# Work required:
Only one stretch of the material below is wanted: everything from the line containing "louis vuitton ajanda toz torbali 19x10cm" down to the line containing "Mobilní telefon Samsung", both ends included. Repeat it exactly and skip the pictures.

# The data:
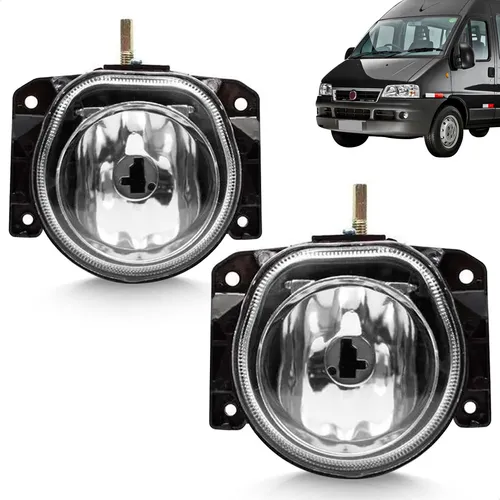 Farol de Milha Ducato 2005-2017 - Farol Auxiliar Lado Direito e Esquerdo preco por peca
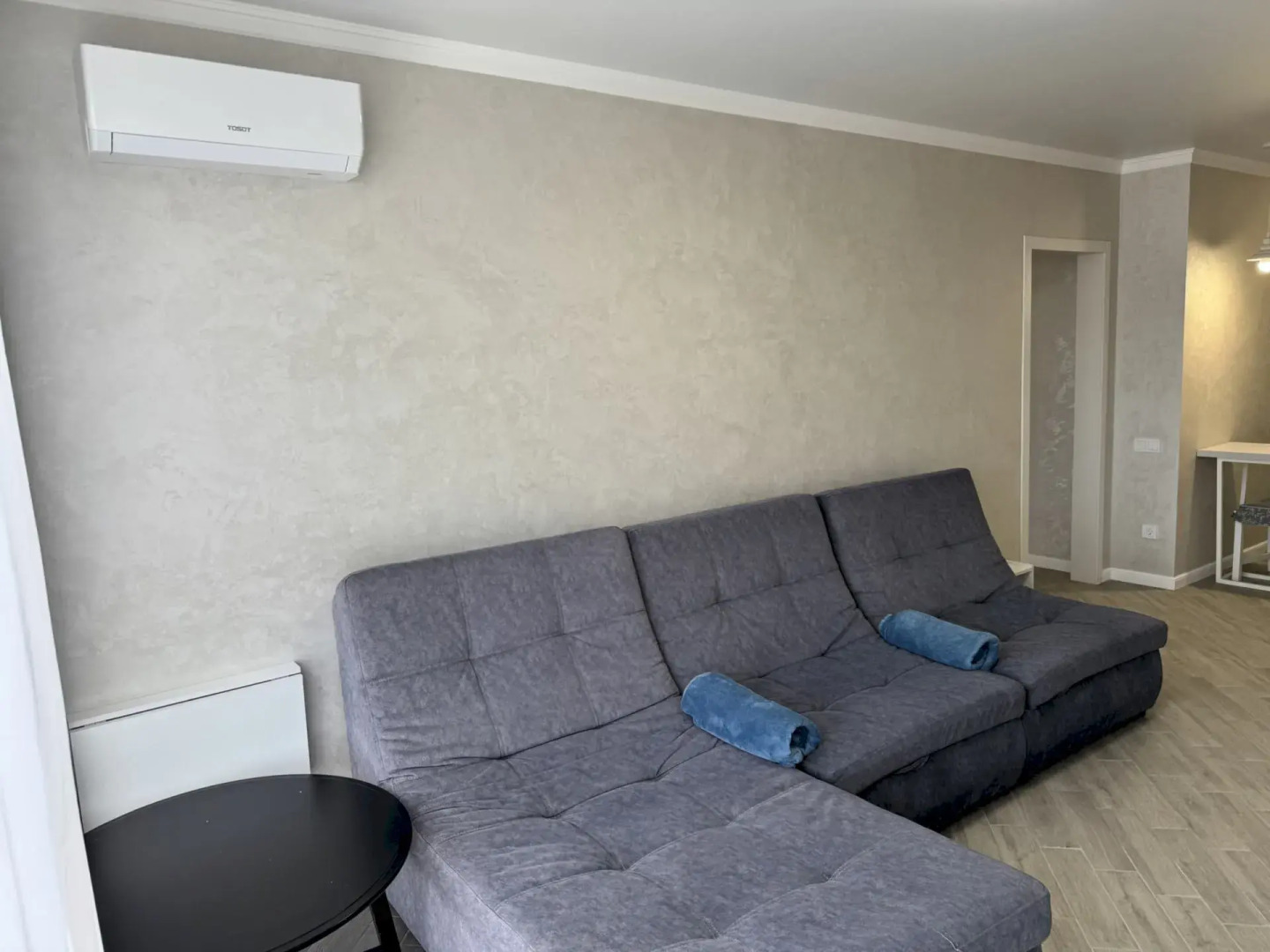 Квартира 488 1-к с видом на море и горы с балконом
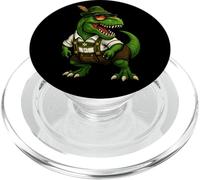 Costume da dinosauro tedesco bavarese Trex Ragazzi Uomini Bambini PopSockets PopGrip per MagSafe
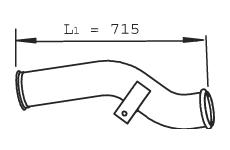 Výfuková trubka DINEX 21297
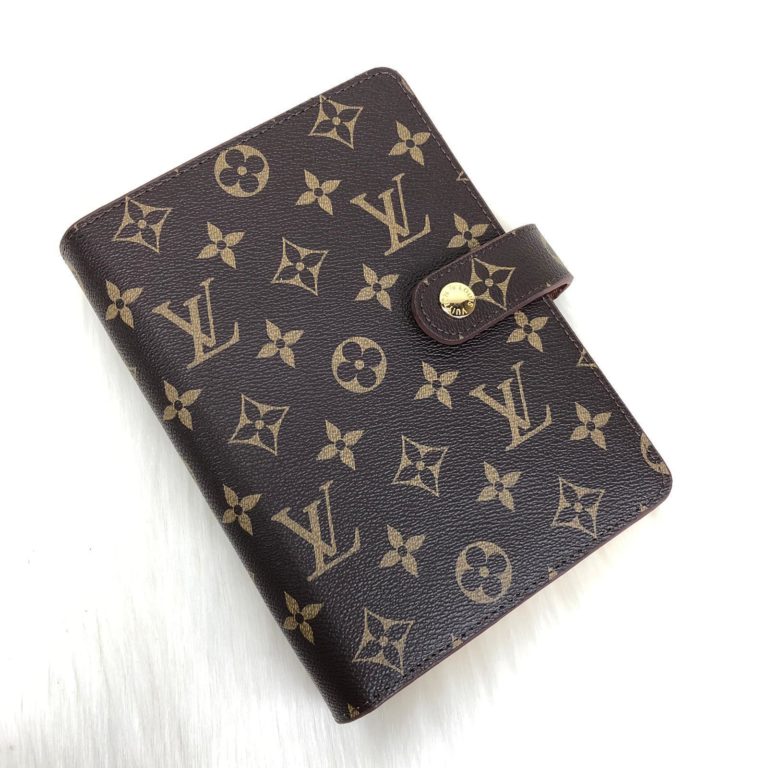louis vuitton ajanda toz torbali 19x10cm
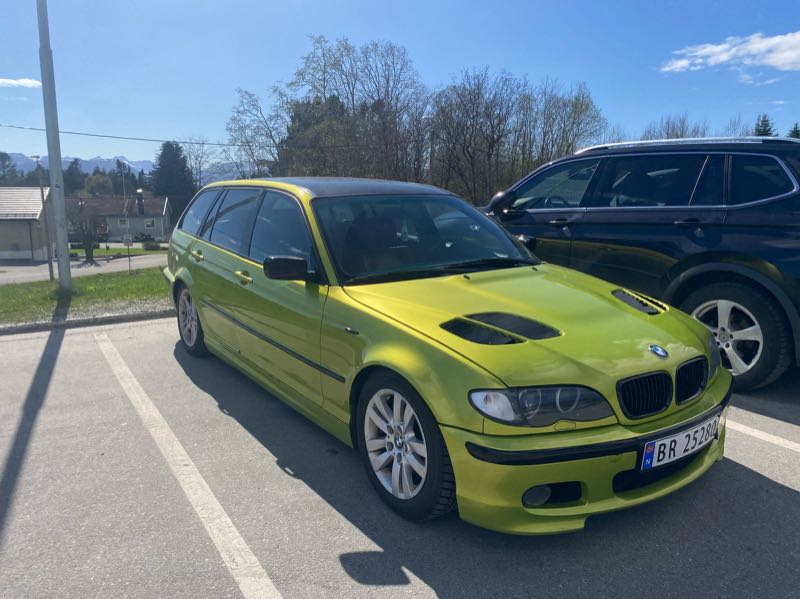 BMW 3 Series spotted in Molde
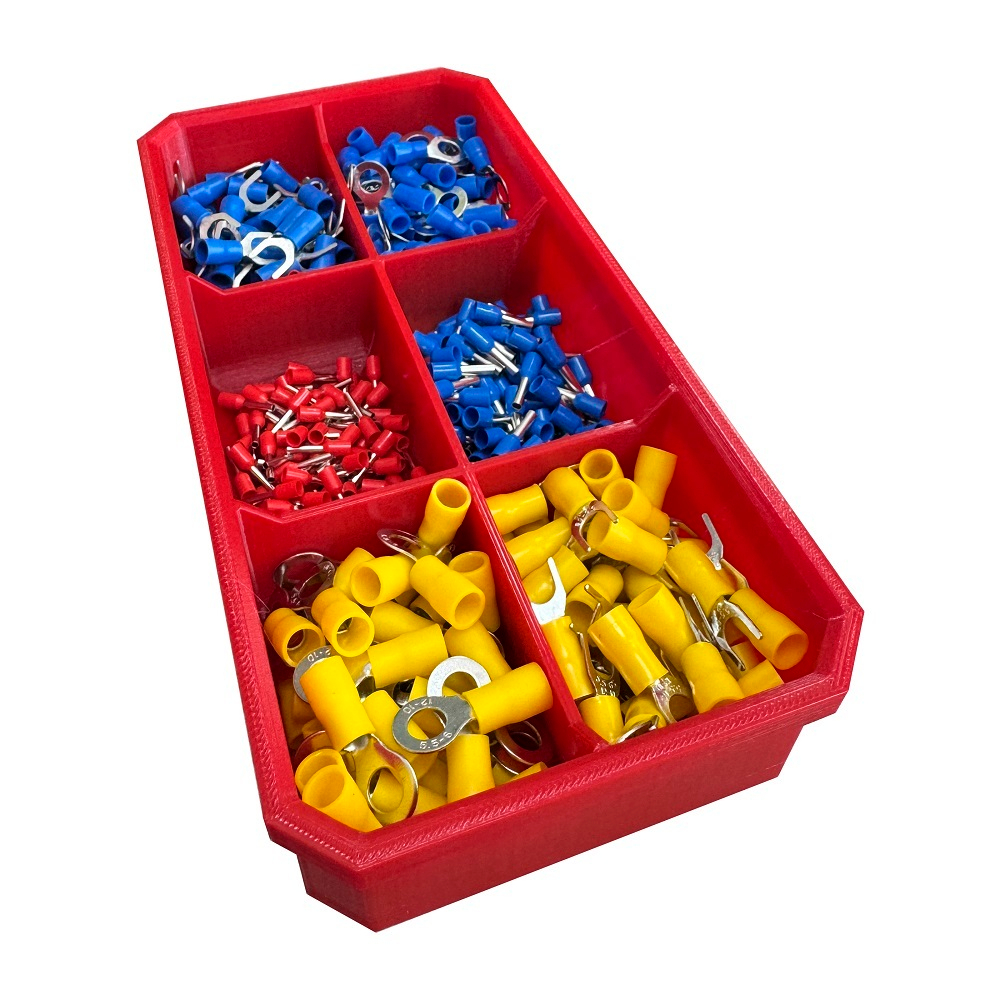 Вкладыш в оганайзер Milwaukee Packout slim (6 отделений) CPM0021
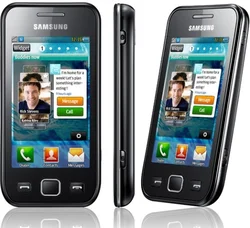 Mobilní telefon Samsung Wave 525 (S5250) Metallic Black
...
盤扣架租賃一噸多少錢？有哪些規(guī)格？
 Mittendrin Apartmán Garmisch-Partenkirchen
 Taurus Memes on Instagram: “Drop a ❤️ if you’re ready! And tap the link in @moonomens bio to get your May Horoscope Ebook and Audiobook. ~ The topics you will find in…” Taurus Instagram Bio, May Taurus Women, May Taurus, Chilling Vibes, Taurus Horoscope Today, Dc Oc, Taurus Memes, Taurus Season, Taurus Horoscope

# Response to this exercise:
louis vuitton ajanda toz torbali 19x10cm
 BMW 3 Series spotted in Molde
 Вкладыш в оганайзер Milwaukee Packout slim (6 отделений) CPM0021
 Mobilní telefon Samsung Wave 525 (S5250) Metallic Black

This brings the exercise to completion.